Back in 1912, the world was a different place than. People had a more innocent quality then they do now, and this naivety spread through all the classes. The 20th century was still in its early years, but the 20th century had not really officially begun as modern times know it, with war, famine, poverty, and other hardships. The people of 1912 were living in a fairy tale land that had no idea what a violent, hostile, war-torn world existed, but things were about to change. During the early years of this new century, mankind had been progressing in a way it never had before. In 1903, the Wright Brothers discovered that mankind could take to the sky, and another feat, the automobile, began to be produced thanks to a man named Henry Ford. With such creations, mankind provided that it was dominant over Mother Nature, but the arrogance of man was about to be shattered.

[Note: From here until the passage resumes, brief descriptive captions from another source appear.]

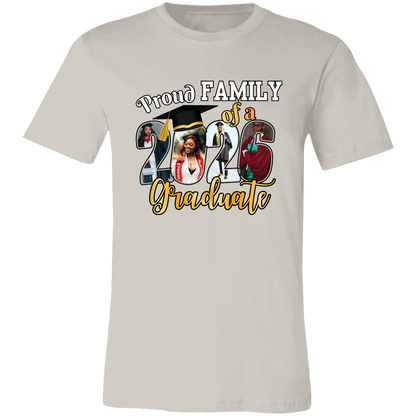 Vintage White t-shirt with a 'Proud Family of a Graduate' graphic design featuring custom graduate photos incorporated into the graduation year on a transparent background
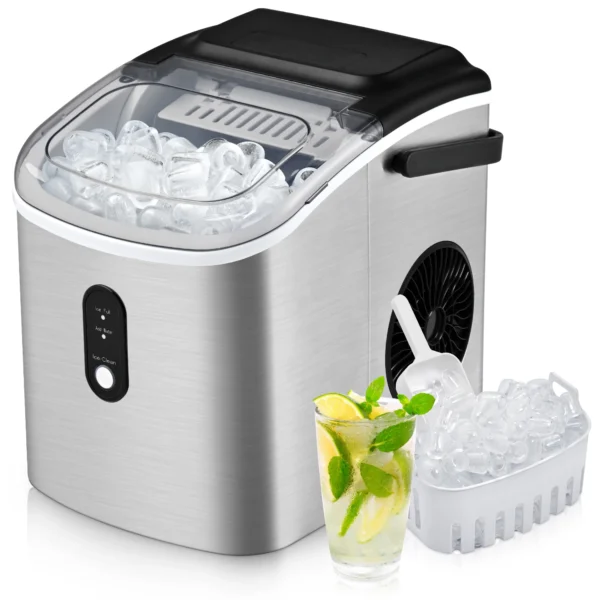 SIMZLIFE Portable Ice Maker Machine 26.5lbs/Day 9 Cubes in 6 Mins with Auto-Cleaning Basket and Scoop for Kitchen Office Party - Image 7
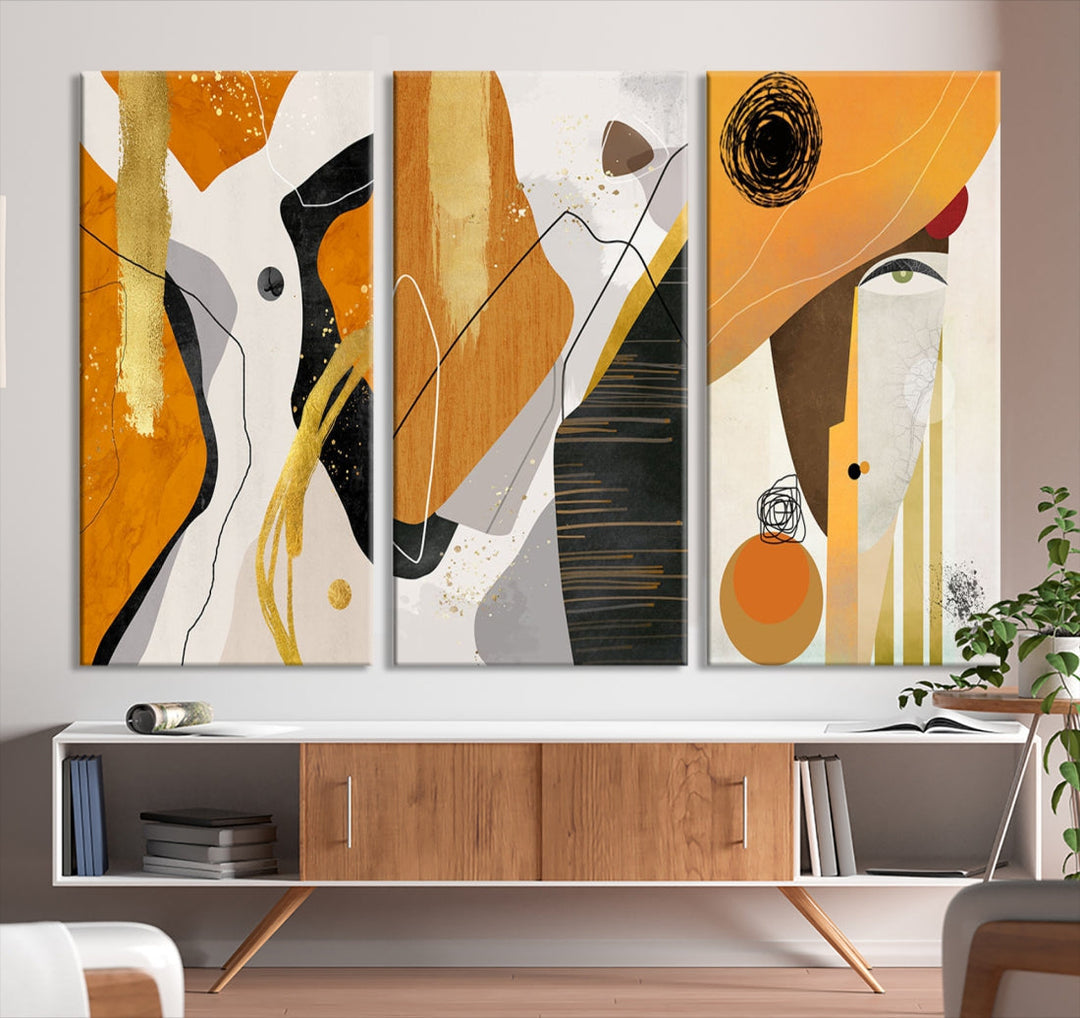 Modern Abstract Canvas Wall Art Print Contemporary Bohemian Wall Decor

The Titanic struck an iceberg, and sank to two and a half miles down to the bottom of the North Atlantic, and it shocked the world to its very core. Here are some other startling facts about that night that no one knows about.
The Titanic Was Not At Full Capacity
When the Titanic set sail from Southampton on Wednesday, April the 10th, she had 2,228 people on board, which consisted of both passengers and crew. In First Class, there were enough rooms for a total of 735 passengers, but there were only 324 on board, which equaled only 44 percent. In Second Class, there were rooms enough for 674 passengers, but only 283 were present, which was only 42 percent of the total capacity. In Third Class, there were accommodations for a total of 1,024 passengers, but only 710 bought tickets, which was only 69 percent of that class’ total capacity. As far as the crew members, the ship could carry 1,317 crew members, but only 891 were present. In all, the Titanic was only at 54 percent of her total capacity when she set sail. Imagine if the Titanic had been a full ship the night she sank?
55 People With Tickets Did Not Board Titanic
There was so much publicity and hype about Titanic that people were willing to do anything to get on board the ship. However, there were a total of 55 people that had tickets, but did not sail on the ship. Who were these 55 people? The primary reason why people cancelled is because there was a coal strike in England at the time of Titanic’s sailing, and there were not many ships that were sailing. People who were booked on other ships ended up being transferred to Titanic, so a First Class ticket on another ship, translated into a Second Class ticket on Titanic. For those that spent a lot of money to travel First Class, the idea of having to take Second Class on Titanic,was not satisfactory to them and the ticket was turned down. For many others, there was something about the biggest ship in the world that frightened them, or they had premonitions about the impending disaster, and cancelled their voyages on board Titanic.
The Titanic Never Conducted Scheduled Lifeboat Drills
Every ship that sails on the ocean, whether it is 1912 or 2016, has to conduct some sort of lifeboat drill so the passengers know what to do in case of an emergency. Even back in 1912, the ships were scheduled to do drills either before the ship left or while at sea. On April 14th, which was a Sunday, the Titanic was scheduled to do a lifeboat drill. However, once church services were over, Captain Smith decided to go ahead and cancel the drill. The temperature had been dropping since the ship arrived in this area of the North Atlantic, and he did not want to subject the passengers to such freezing temperatures. When the disaster occurred, and the passenger were told to got to the boat deck, and into the lifeboats, they were confused and uncertain as to what to do and which boat to get into. Did that make a difference over the number of lives that were lost? If both the crew, and the passengers, had practiced what to do in a disaster, at least just once, perhaps more than 705 people would have survived that tragic night.
The Titanic sank back in 1912, but there are still facts that are coming out about that night. There are so many previously unknown facts about the Titanic that they all may never be known. However, as time goes on, and the investigation into Titanic will continue for many years, and generations to come. Someday those that study Titanic may know everything that happened that tragic night, but after 104 years, the answers and information just keeps on surfacing.